It’s been about 12 years since a couple of us started working to bring clean, non-polluting trucks to the Port of Los Angeles. On a Wednesday night in April in a small trailer in a truck yard in Wilmington, a coalition that includes the Angeles Chapter’s Harbor Vision Task Force scored a victory when nearly 50 employee truck drivers voted to join the Teamsters.
The task force started working with Teamsters and the Longshoreman’s union on trucking issues in 2002. Four years later, the Sierra Club began participating in a national campaign based on local coalitions to fight for clean trucks and employee status for drivers. Early in 2006, an organizer from Change to Win contacted Sierra Club National offices in San Francisco to seek the Club’s participation.
They outlined a campaign for clean trucks and employee status for drivers based on a concession model. This was the same sort of campaign the task force had sought from the port back in 2002. Finally, with this vote, the task force scored a victory.
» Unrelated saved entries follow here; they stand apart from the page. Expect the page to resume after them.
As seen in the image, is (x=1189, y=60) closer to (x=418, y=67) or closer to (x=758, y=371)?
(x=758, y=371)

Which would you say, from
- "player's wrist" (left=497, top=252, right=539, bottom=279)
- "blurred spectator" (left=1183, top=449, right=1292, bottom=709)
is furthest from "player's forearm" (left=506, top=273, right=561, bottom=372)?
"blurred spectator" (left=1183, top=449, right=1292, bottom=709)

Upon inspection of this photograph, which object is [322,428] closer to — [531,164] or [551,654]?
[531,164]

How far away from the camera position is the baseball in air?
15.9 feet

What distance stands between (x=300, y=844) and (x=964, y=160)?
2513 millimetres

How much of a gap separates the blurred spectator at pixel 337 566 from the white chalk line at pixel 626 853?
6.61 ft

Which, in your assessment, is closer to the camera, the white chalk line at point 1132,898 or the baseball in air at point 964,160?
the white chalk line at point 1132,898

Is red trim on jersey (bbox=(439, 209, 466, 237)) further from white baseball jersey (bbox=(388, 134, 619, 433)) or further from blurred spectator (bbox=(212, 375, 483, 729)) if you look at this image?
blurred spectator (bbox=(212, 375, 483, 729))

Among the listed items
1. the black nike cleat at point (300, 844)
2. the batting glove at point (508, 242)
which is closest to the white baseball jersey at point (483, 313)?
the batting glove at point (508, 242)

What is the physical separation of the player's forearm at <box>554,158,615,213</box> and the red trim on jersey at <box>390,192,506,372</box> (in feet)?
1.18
This coalition has been very instructive in terms of the big number of players involved, the Natural Resources Defense Council (which represented the Club pro bono), the Los Angeles Alliance for a New Economy (which coordinated the campaign locally), the Teamsters (who worked to organize the drivers), CLUE (Clergy and Laity United for Economic justice) that worked onthe social issue components of this campaign, lots of local environmental groups, health and economy researchers – all worked in a pitched battle against the National Trucking Association and the National Retail Federation (Wal-Mart dominantly).
Though, this victory is a milestone, the work isn’t yet done. There might be adverse decisions from a case that is winding its way to the U.S. Supreme Court. And, there are some 15,000 port truck drivers.
It remains important to the successful longterm operations of the clean trucks program that trucks are owned by and maintained by trucking companies, and that drivers are scheduled to pick up and drop off loads as employees -- so port terminal operators can see the cost of inefficient operations and benefit from running things smoothly, instead of exploiting drivers, wasting fuel and polluting.
And it is humanly important to uplift the working poor because it’s very hard to advance environmental issues in impoverished and environmentally-blighted neighborhoods when residents don’t have the time or resources to stand up and fight off polluters.
Three big cheers to all our partners in this campaign.
Tom Politeo is chair of the Harbor Vision Task Force.